Action item -
Take the data below and extract the lines from the one with "Natural Rose Quartz" to the one with "Coffee cup snowflake", inclusive, exactly as written.

Data excerpts -
####################

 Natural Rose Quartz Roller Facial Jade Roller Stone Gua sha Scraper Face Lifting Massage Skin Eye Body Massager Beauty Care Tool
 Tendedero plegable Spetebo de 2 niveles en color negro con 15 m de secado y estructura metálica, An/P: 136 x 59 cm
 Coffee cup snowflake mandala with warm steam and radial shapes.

####################

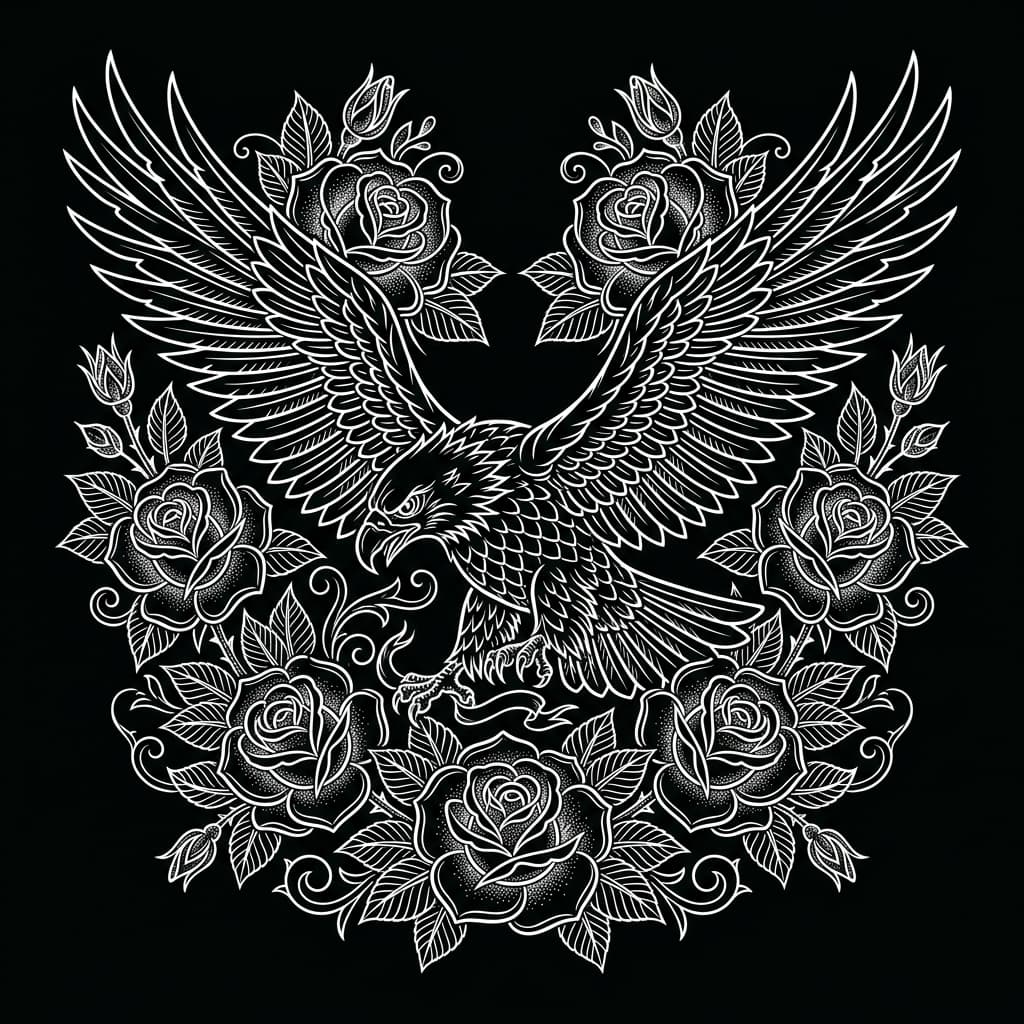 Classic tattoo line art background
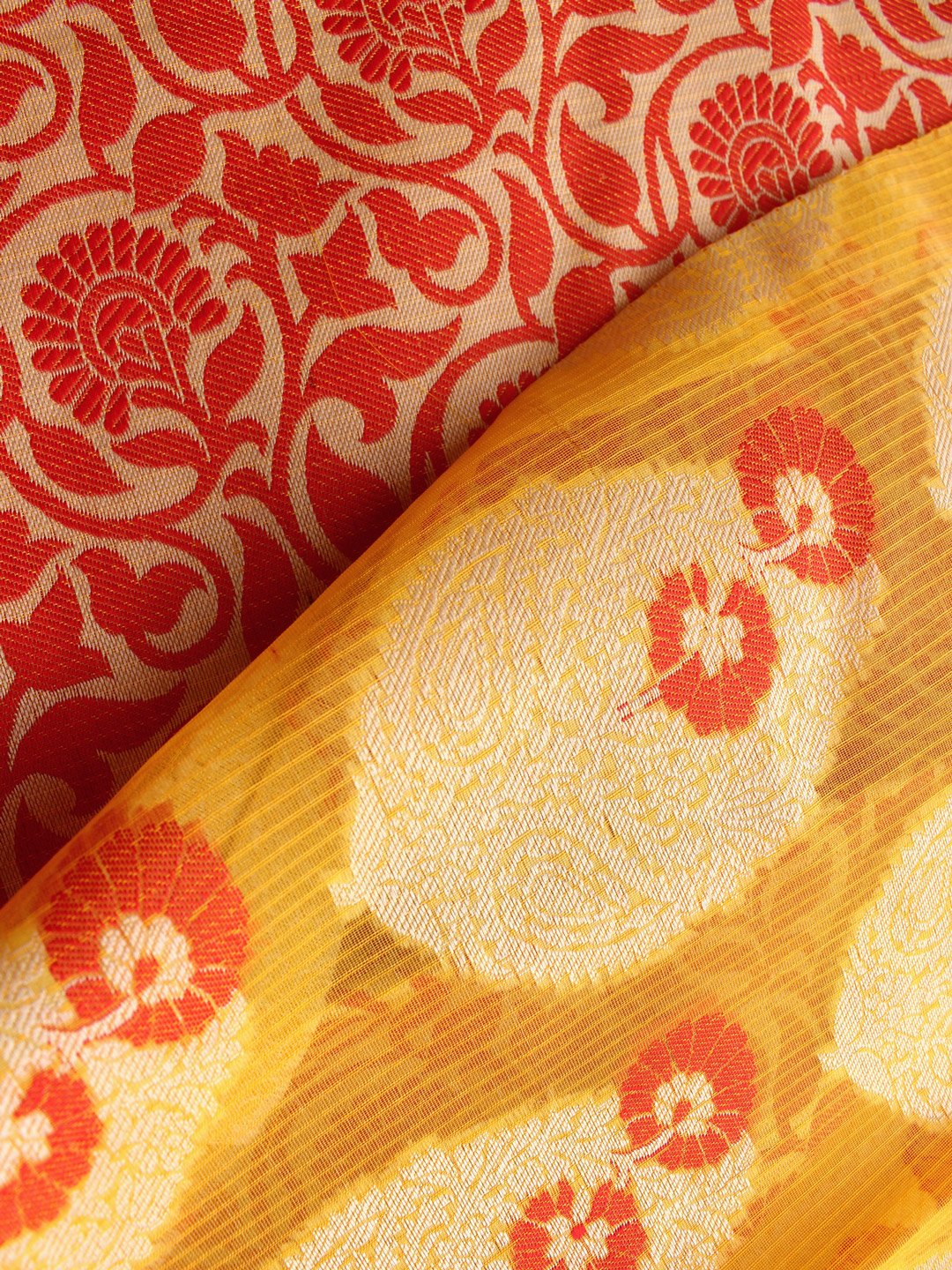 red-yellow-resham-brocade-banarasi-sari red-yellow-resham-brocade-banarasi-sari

####################

Your response -
 Natural Rose Quartz Roller Facial Jade Roller Stone Gua sha Scraper Face Lifting Massage Skin Eye Body Massager Beauty Care Tool
 Tendedero plegable Spetebo de 2 niveles en color negro con 15 m de secado y estructura metálica, An/P: 136 x 59 cm
 Coffee cup snowflake mandala with warm steam and radial shapes.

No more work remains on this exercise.